I will gladly vote for whomever is chosen the party's candidate. I'm not sure who I'm voting for in the primary but I'm leaning strongly towards Kucinich. His policies most closely match the direction I'd like to see the country move in. I don't feel it's a wasted vote - I think if he gets a strong, albeit clearly minority, turnout it's an important reminder to a Democratic Party that Bill Clinton pulled to the right that there really is a progressive wing and we vote.

I think to some extent we have an embarrassment of riches this year. We've got three strong possibilities: smart, capable, good experience, good speakers, good organization. I will be happy to vote for any of them in the general election. I do find Obama the most inspiring speaker of the three, but I don't think that's everything.

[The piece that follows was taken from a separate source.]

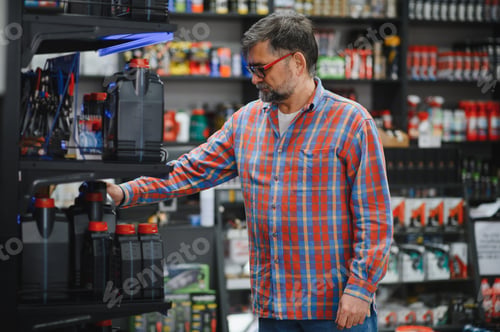 Preview: Mechanic choosing engine oil in auto parts store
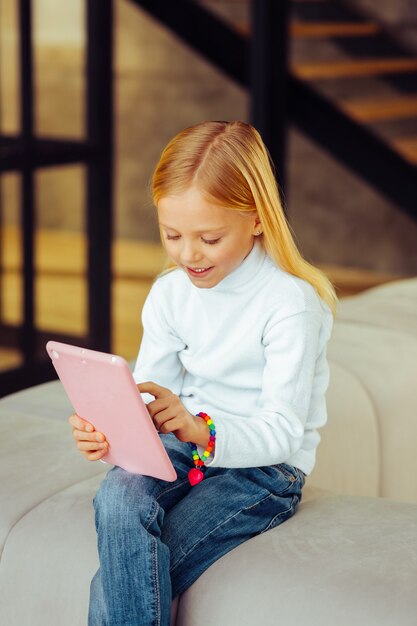 So pleased. Attentive child expressing positivity while spending free time in living room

I really like the idea of a senator becoming POTUS (which, of course, applies to all three). I think it's the right kind of experience. Governors have executive experience but they don't really have the inside knowledge of how the federal government works, or the ties. My ideal candidate (not in terms of policies, just personal characteristics, skills, and history) is a Senator with 8-10 years experience, not from a political family, smart, knowledgeable and well-liked by his/her Senate colleagues. That's Edwards to a T. Still, I don't really think he's got a chance. I think it's likely Obama or Clinton and I just hope that whoever it is wins.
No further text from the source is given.